Dans la salle de presse du Saint-Siège, au pied de la place Saint-Pierre, seule une poignée de journalistes est présente en ce 11 février 2013, fête de Notre-Dame de Lourdes. Le pape Benoît XVI a choisi ce jour férié au Vatican – qui commémore les Accords du Latran signés en 1929 – pour réunir un consistoire consacré à fixer la date de futures canonisations, selon un rituel bien rodé. "Je suis allé à la salle de presse avec la perspective de n’y passer que deux heures… et puis basta", se souvient Charles de Pechpeyrou, aujourd’hui journaliste à L’Osservatore Romano et qui travaillait à l’époque pour l’agence de presse vaticane I.MEDIA. Dans cette salle où se croisent d’ordinaire des journalistes du monde entier, seuls cinq vaticanistes sont présents ce matin-là – une Italienne, deux Français, un Mexicain et un Japonais.
Sur le circuit de télévision interne du Vatican auxquels ont accès ces journalistes se déroule la cérémonie du consistoire. Elle n’est pas retransmise à l’extérieur. L’officialisation de la canonisation des Martyrs d’Otrante constitue l’unique enjeu de cette matinée tranquille. Et encore, la nouvelle a été annoncée quelques jours plus tôt et l’intérêt médiatique était donc faible. Mais aux alentours de 10h40, les choses basculent et l’impensable se produit. Mgr Guido Marini, le cérémoniaire du pontife allemand, vient tendre une feuille au pape Benoît XVI. "En latin, et de façon sérieuse, il a commencé à lire ce texte", raconte Charles de Pechpeyrou.
Une onde de choc
"Par acquit de conscience, j’ai tendu l’oreille et j’ai pris des notes. Sur mon papier, il y avait des mots clés qui s’additionnaient… Il parlait par exemple “d’incapacité à gouverner”… Dans mon cerveau, tout se bousculait. Je me suis dit : “Est-ce qu’il est bien en train de nous dire qu’il part ?”", se souvient-il encore. Immédiatement, le jeune journaliste appelle Antoine-Marie Izoard, le directeur d’I.MEDIA de l’époque. "Il m’a dit : “Je crois que le pape a démissionné”", raconte celui qui dirige aujourd’hui la rédaction de Famille Chrétienne.

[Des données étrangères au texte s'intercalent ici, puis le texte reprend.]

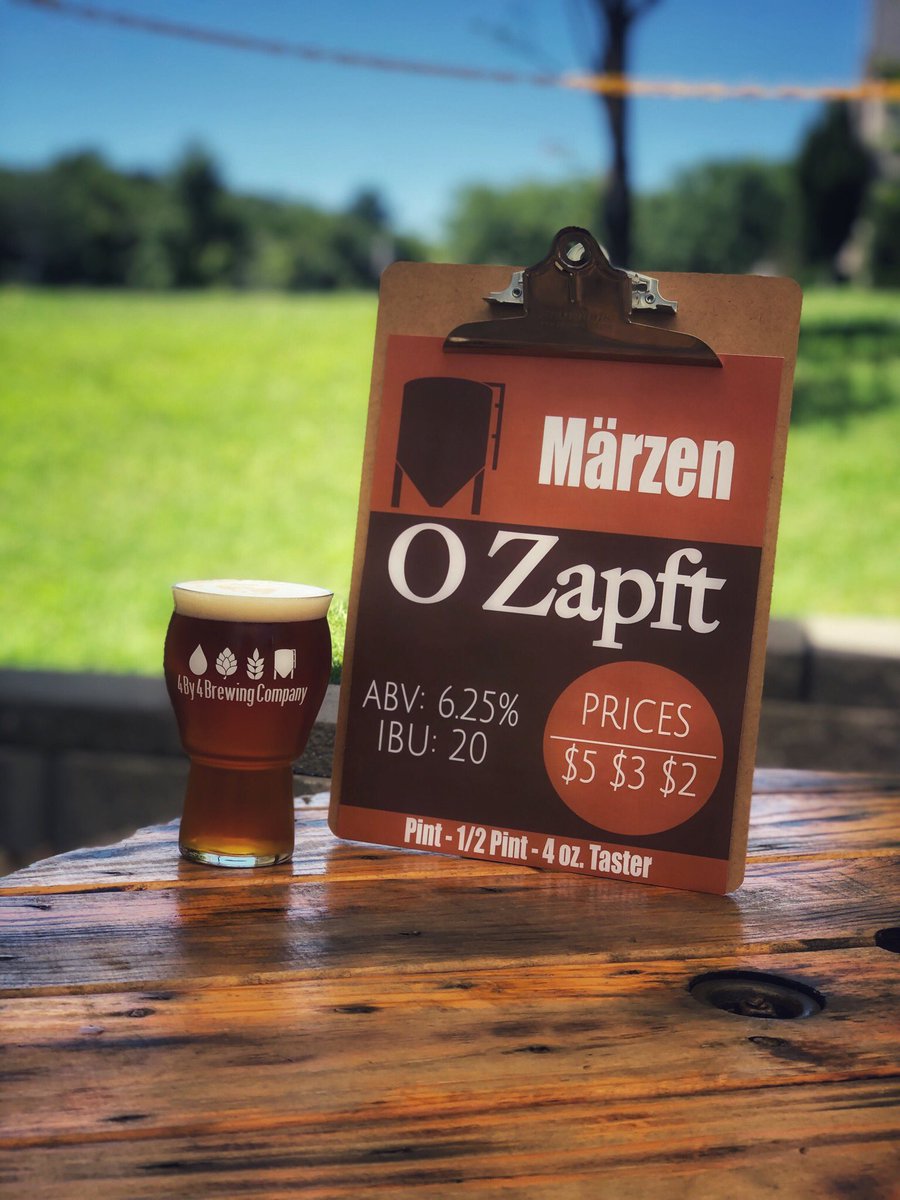 4by4Galloway's tweet photo. Come try our 2 newest additions!
#newbeers #tryitout #untappd #checkin #craftbeer #drinkcraft #drinklocal #independentbeer #drink417 #springmobeer #417land #supportlocal #drinkmobeer #sgf #gallowaydistrict #pairwithadventure #sequiotapark #gallowaydistrictbeer #southside https://t.co/QNiuk1CPbL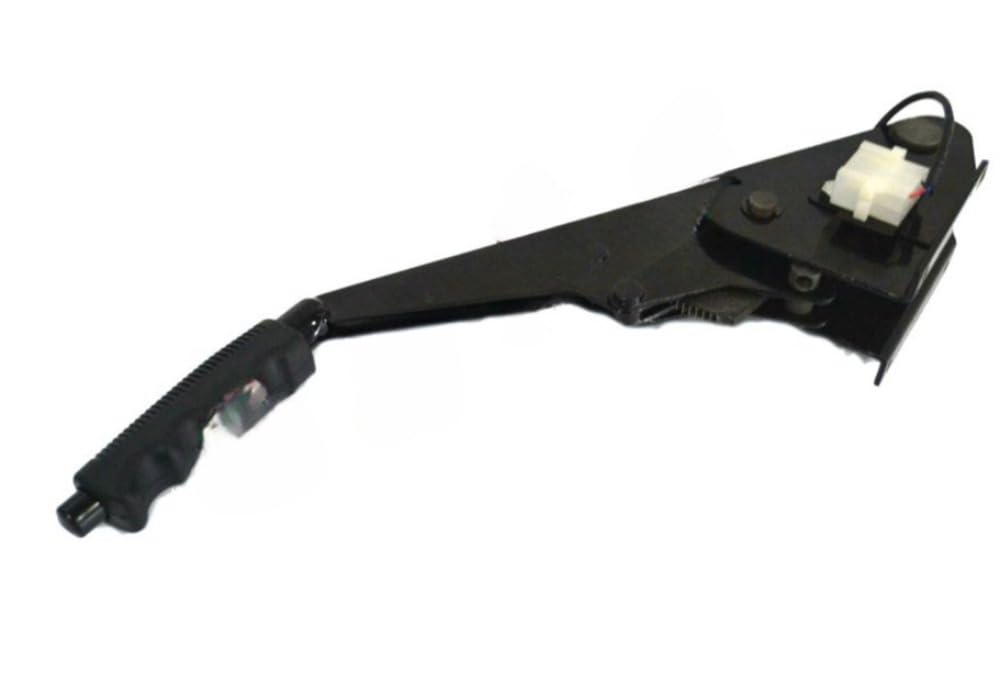 Forklift accessories EFG115 EFG320 EFG216 handbrake assembly with handbrake handle 51202317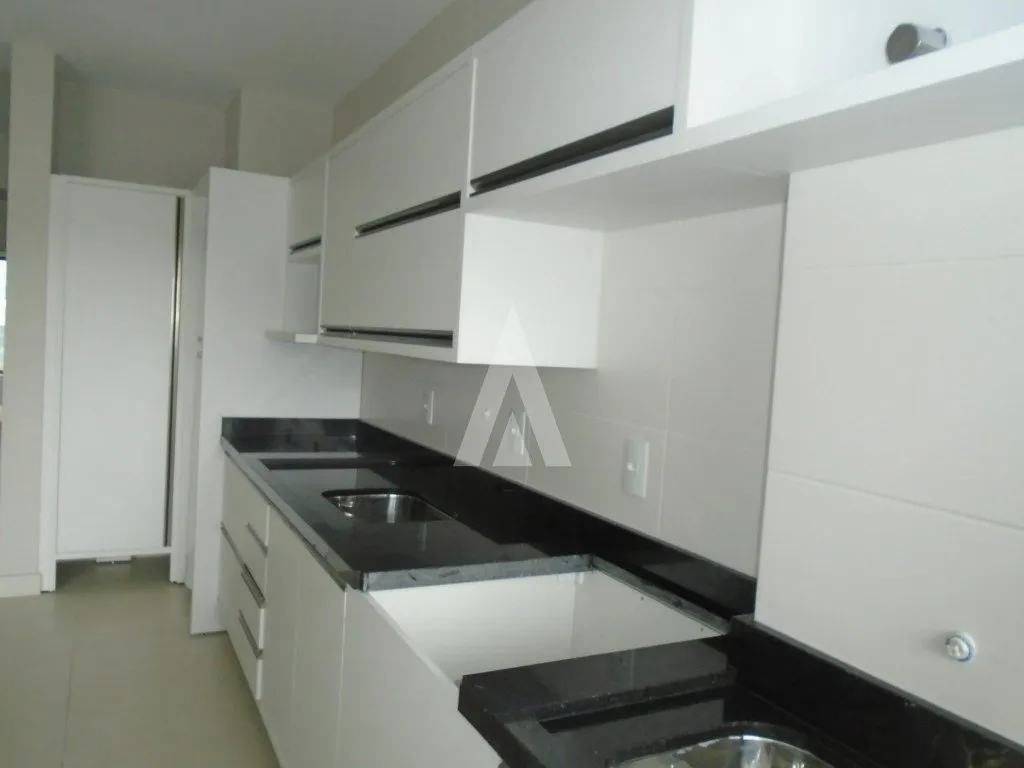 Apartamento com 1 quarto à venda no bairro Centro em Joinville-SC por R$575.000,00. — foto 5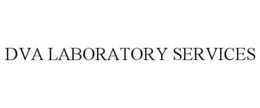 DVA LABORATORY SERVICES trademark
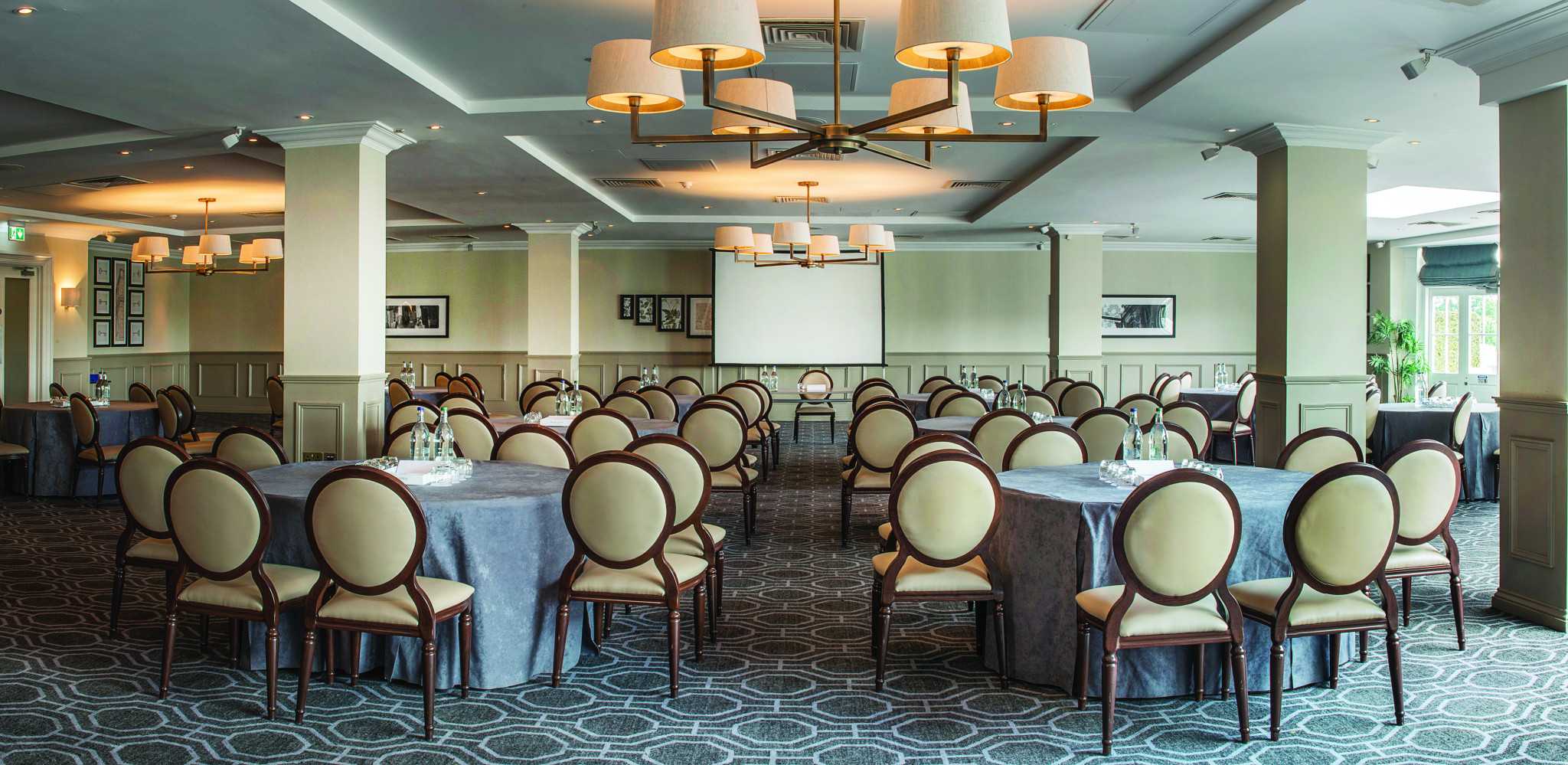 Terrace Suite
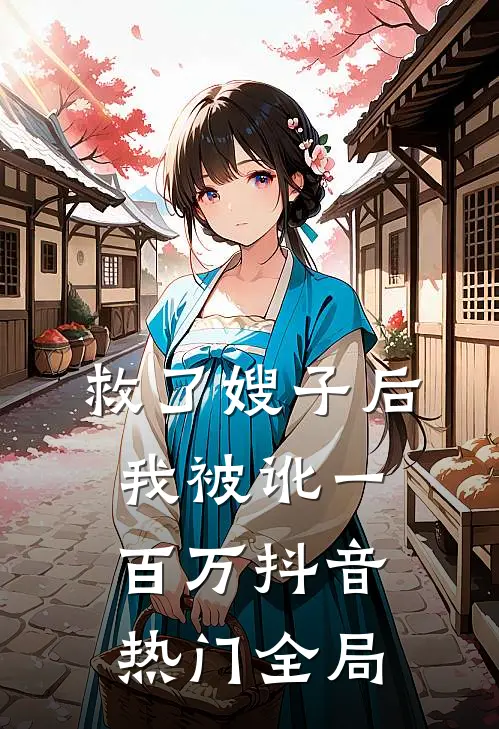 救了嫂子后我被讹一百万抖音热门全局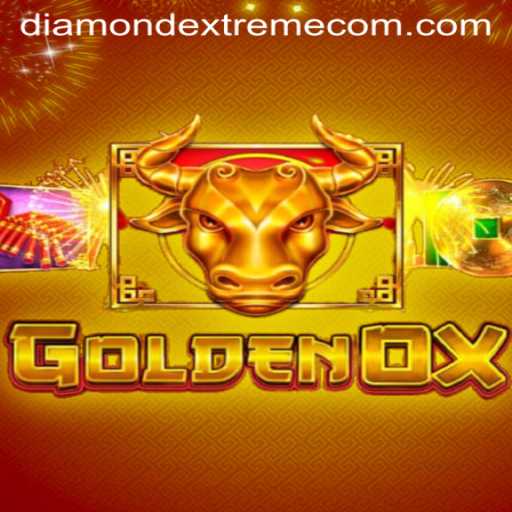 GoldenOx: A Thrilling New Adventure with DiamondExtreme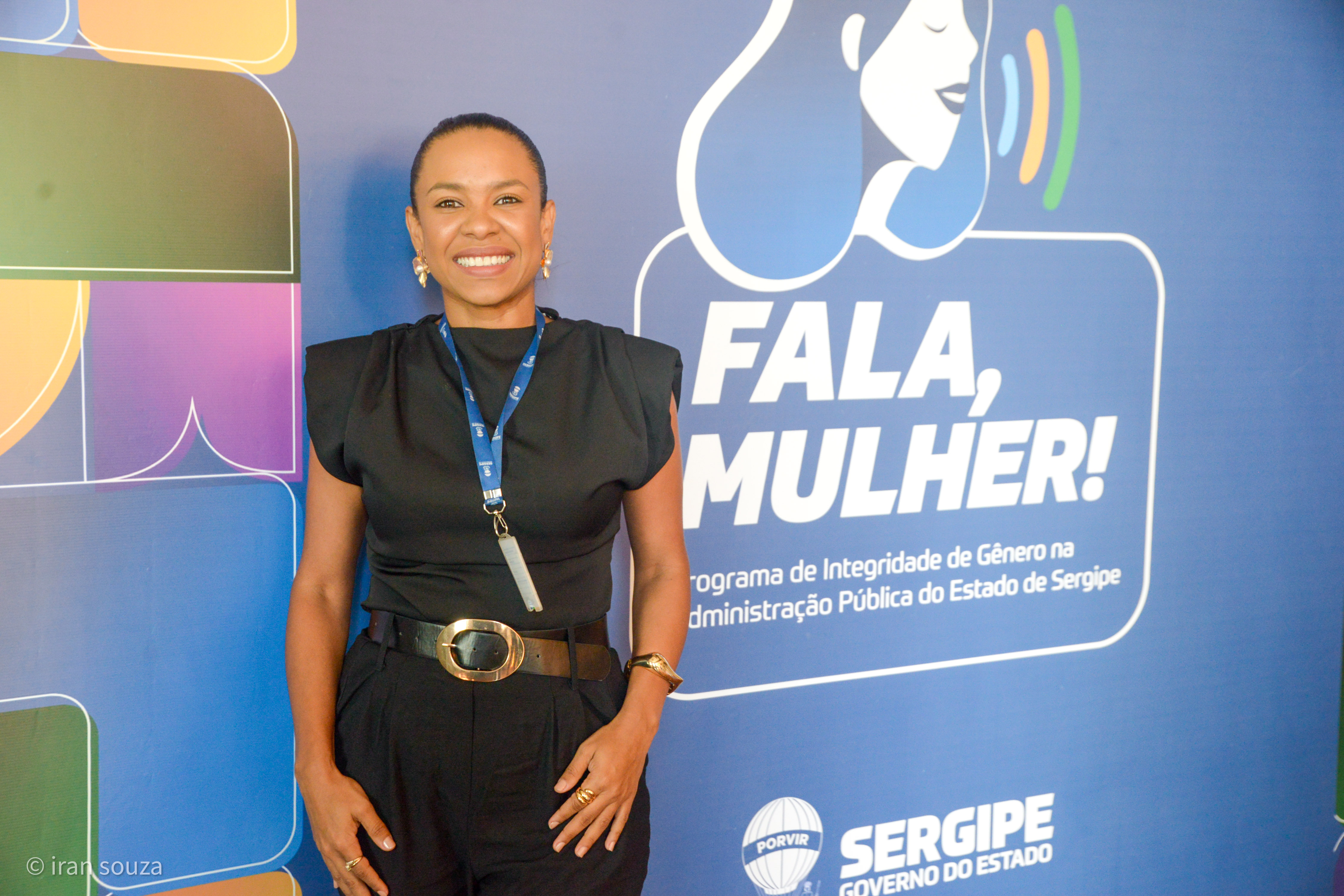 Raphaela Maciel | Foto: Iran Souza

Après avoir eu la confirmation du porte-parole du Saint-Siège, le père Federico Lombardi, c’est lui qui envoie à 10h46 le bref "Urgent : Benoît XVI a présenté sa démission".
"J’étais tout tremblant d’émotion en écrivant ces mots qui avaient un caractère absolument inédit", confie le vaticaniste. "J’avais une perception bizarre du temps, j’étais dans un état de panique totale", abonde Charles de Pechpeyrou. Dans la salle de presse du Saint-Siège, Giovanna Chirri, la journaliste italienne de l’agence ANSA, a elle aussi compris ce qui se passait, envoyant son alerte à 10h46 également. "J’ai donné la nouvelle, et puis je me suis mise à pleurer", racontera-t-elle ensuite.
Les cardinaux abasourdis
Dans la Salle du Consistoire, les cardinaux réunis autour de Benoît XVI sont tout autant abasourdis par la nouvelle. "Un coup de tonnerre dans un ciel serein". C’est ainsi que le doyen du Collège, le cardinal Angelo Sodano, réagit au nom de ses frères cardinaux, faisant état devant le pontife allemand de son incrédulité et de sa stupeur. "Tout est vrai, je ne me trouve pas dans un rêve. Mais, humainement, il est tout de même difficile de croire à ce qui est train d’arriver", écrit à la date du 11 février 2013 le second secrétaire de Benoît XVI, Mgr Alfred Xuereb, dans son journal de bord publié dix ans plus tard en Italie sous le titre "I miei giorni con Benedetto XVI" aux éditions San Paolo.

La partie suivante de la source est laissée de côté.